Quem está a comprar casas em Portugal? Famílias dominam e não residentes afastam-se
Embora com reduções nas transações, a grande maioria das casas compradas em Portugal continua a ser protagonizada pelas famílias. No primeiro trimestre de 2026, as habitações adquiridas por famílias ascenderam a 32.828 unidades, 87,0% do total. Trata-se de uma redução das transações de 8,7% em termos homólogos e de 12,4% face ao trimestre anterior.
“Em valor, as aquisições efetuadas por famílias totalizaram 8,6 mil milhões de euros (86,4% do total), mais 3,4% relativamente ao mesmo período de 2025 e uma diminuição de 8,1% face ao trimestre precedente”, informa o INE no boletim. Isto quer dizer que as famílias estão a comprar menos casas face há um ano, mas por valores bem mais altos.

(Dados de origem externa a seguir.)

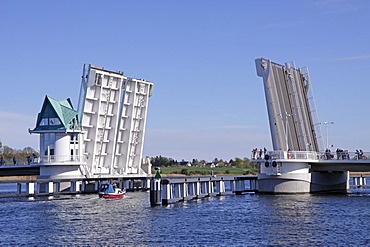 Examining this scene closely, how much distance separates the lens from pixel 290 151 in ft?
186

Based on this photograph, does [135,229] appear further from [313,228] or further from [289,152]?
[289,152]

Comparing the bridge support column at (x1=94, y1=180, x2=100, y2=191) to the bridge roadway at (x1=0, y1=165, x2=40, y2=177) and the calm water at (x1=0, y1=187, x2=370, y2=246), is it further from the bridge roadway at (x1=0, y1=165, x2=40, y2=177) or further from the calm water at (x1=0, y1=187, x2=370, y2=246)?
the calm water at (x1=0, y1=187, x2=370, y2=246)

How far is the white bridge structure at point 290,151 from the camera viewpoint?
5616 centimetres

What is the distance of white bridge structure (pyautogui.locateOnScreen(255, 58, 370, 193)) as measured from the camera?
2211 inches

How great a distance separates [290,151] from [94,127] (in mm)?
19932

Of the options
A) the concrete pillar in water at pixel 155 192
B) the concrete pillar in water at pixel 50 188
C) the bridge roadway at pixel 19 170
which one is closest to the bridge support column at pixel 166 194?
the concrete pillar in water at pixel 155 192

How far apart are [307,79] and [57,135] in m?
24.3

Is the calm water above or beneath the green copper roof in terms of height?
beneath

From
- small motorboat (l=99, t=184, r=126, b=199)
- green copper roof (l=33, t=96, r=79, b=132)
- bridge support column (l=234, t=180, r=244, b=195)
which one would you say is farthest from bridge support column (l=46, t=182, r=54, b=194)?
bridge support column (l=234, t=180, r=244, b=195)

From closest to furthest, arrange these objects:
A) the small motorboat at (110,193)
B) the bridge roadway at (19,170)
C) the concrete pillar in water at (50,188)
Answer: the small motorboat at (110,193) < the concrete pillar in water at (50,188) < the bridge roadway at (19,170)

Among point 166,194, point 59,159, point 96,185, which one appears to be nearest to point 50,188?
point 59,159

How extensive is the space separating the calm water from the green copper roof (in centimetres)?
1273

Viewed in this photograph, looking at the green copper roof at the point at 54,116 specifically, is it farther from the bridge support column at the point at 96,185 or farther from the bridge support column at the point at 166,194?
the bridge support column at the point at 166,194

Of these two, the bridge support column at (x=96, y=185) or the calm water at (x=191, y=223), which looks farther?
the bridge support column at (x=96, y=185) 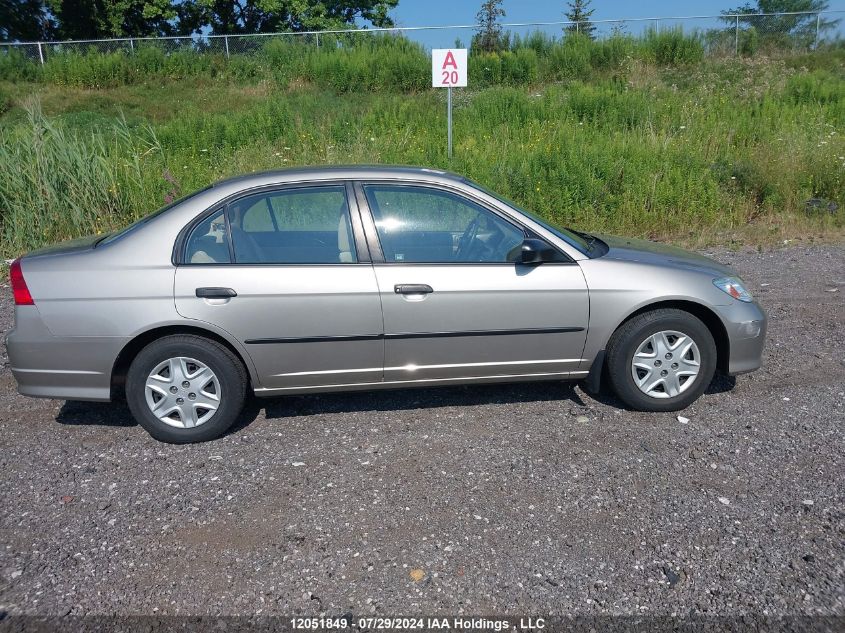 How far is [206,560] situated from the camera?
3469 mm

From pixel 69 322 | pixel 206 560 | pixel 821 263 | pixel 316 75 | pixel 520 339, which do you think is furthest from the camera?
pixel 316 75

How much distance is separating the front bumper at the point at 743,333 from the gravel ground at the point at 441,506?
0.32 meters

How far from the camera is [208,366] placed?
4605mm

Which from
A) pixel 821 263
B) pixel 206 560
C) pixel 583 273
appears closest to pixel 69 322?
pixel 206 560

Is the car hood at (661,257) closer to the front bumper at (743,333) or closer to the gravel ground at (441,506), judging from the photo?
the front bumper at (743,333)

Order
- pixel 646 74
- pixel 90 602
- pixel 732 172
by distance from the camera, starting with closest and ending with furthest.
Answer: pixel 90 602, pixel 732 172, pixel 646 74

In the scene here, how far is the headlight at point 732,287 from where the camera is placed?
197 inches

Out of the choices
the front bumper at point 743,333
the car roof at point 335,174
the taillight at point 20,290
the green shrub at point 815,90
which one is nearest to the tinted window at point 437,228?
the car roof at point 335,174

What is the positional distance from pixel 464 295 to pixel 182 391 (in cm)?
183

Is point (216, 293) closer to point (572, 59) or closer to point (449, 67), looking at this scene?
point (449, 67)

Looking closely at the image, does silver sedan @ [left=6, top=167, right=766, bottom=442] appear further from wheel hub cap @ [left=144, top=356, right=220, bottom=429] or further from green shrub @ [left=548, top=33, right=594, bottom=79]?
green shrub @ [left=548, top=33, right=594, bottom=79]

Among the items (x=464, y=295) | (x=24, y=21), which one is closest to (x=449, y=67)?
(x=464, y=295)

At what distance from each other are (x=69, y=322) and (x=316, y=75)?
19.7 metres

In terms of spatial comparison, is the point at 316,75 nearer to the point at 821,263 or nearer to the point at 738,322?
the point at 821,263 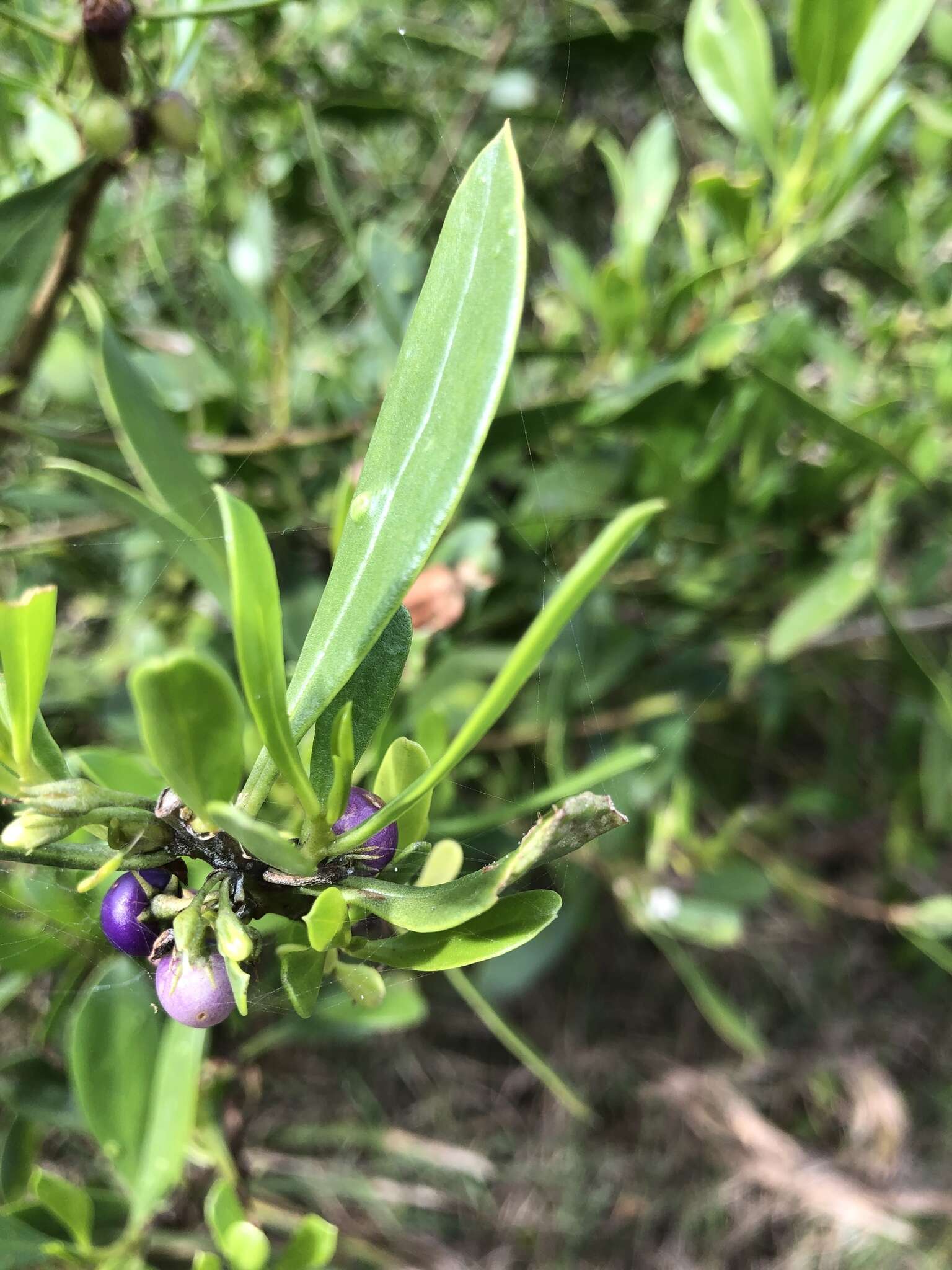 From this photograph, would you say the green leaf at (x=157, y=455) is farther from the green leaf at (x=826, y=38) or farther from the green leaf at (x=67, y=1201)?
the green leaf at (x=826, y=38)

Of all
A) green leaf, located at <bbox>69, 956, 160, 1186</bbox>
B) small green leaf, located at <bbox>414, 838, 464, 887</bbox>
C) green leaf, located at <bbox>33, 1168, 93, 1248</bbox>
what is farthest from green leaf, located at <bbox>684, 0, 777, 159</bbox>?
green leaf, located at <bbox>33, 1168, 93, 1248</bbox>

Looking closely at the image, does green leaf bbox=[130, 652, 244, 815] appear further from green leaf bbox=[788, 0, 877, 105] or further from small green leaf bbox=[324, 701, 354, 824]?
green leaf bbox=[788, 0, 877, 105]

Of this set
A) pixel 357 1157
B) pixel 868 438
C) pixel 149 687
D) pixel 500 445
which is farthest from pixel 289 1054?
pixel 149 687

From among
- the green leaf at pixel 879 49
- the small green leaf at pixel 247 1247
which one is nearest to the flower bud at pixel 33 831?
the small green leaf at pixel 247 1247

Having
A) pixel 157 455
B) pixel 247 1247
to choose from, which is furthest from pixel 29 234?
pixel 247 1247

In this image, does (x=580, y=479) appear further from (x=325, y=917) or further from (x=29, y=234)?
(x=325, y=917)

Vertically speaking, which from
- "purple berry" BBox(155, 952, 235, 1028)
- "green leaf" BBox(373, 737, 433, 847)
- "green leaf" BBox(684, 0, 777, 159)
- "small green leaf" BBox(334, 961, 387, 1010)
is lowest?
"small green leaf" BBox(334, 961, 387, 1010)

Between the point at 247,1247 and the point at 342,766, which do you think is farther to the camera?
the point at 247,1247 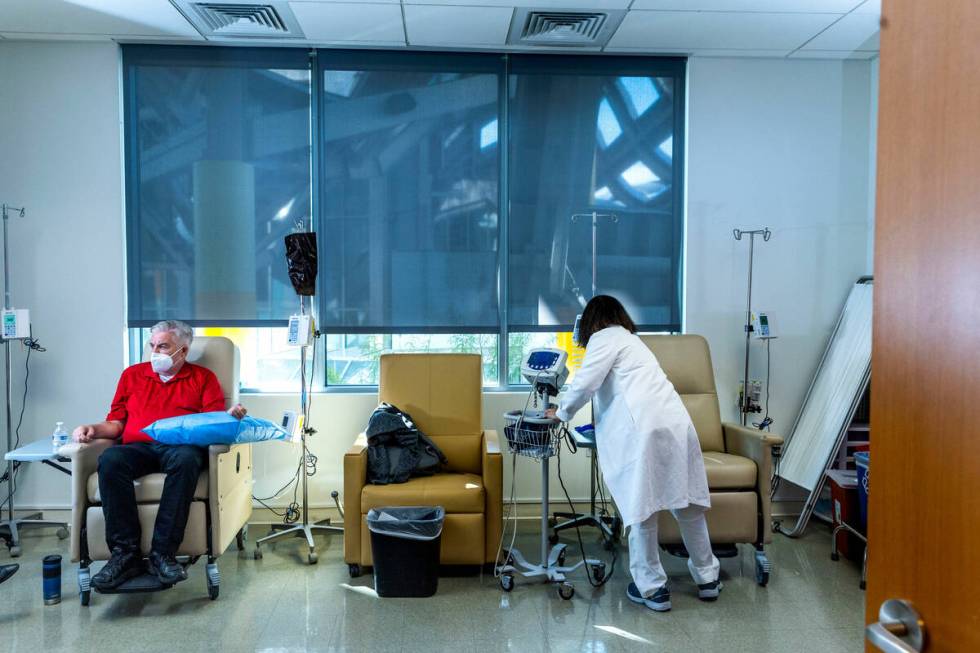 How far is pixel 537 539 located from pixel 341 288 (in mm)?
1864

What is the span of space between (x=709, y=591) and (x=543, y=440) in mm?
998

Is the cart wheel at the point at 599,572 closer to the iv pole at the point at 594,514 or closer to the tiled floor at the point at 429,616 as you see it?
the tiled floor at the point at 429,616

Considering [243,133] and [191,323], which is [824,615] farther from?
[243,133]

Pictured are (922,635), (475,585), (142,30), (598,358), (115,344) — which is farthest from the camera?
(115,344)

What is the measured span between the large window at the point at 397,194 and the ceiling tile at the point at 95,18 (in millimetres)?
239

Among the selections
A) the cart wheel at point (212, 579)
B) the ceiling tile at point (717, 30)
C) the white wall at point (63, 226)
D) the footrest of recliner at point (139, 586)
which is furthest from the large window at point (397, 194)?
the footrest of recliner at point (139, 586)

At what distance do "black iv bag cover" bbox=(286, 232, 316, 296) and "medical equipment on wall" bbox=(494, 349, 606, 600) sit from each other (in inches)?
52.4

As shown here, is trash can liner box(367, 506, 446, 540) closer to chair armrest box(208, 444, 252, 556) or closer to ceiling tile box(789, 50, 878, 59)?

A esmagadora maioria da venda de casas é realizada por quem tem domicílio fiscal em território nacional (portugueses e imigrantes), totalizando 88% das transações e 92% do valor movimentado. Enquanto as aquisições caíram 8,4% no último ano para 35.975 unidades, o valor transacionado subiu 3,4% para 9,1 mil milhões de euros, confirmando que se estão a vender casas cada vez mais caras.
A redução de venda de casas é ainda mais expressiva para quem vive fora de Portugal (estrangeiros e emigrantes portugueses), seguindo a tendência já identificada de queda de transações há cerca três anos justificada por menos incentivos fiscais, como o fim dos vistos gold para investimento imobiliário e o término do antigo regime para residentes não habituais, por exemplo.
No início de 2026, os não residentes no país compraram 1.770 casas, o que representa uma redução homóloga de 15,6% (-20,9% no 4º trimestre de 2025). Já o valor desembolsado aumentou 1% neste período para 795 milhões de euros. “De entre as categorias de compradores com domicílio fiscal fora do Território Nacional, a categoria União Europeia foi aquela que apresentou a maior contração no número de transações (-16,8%), superior à observada na categoria Restantes Países, a qual se fixou em -14,4%”, lê-se ainda no boletim.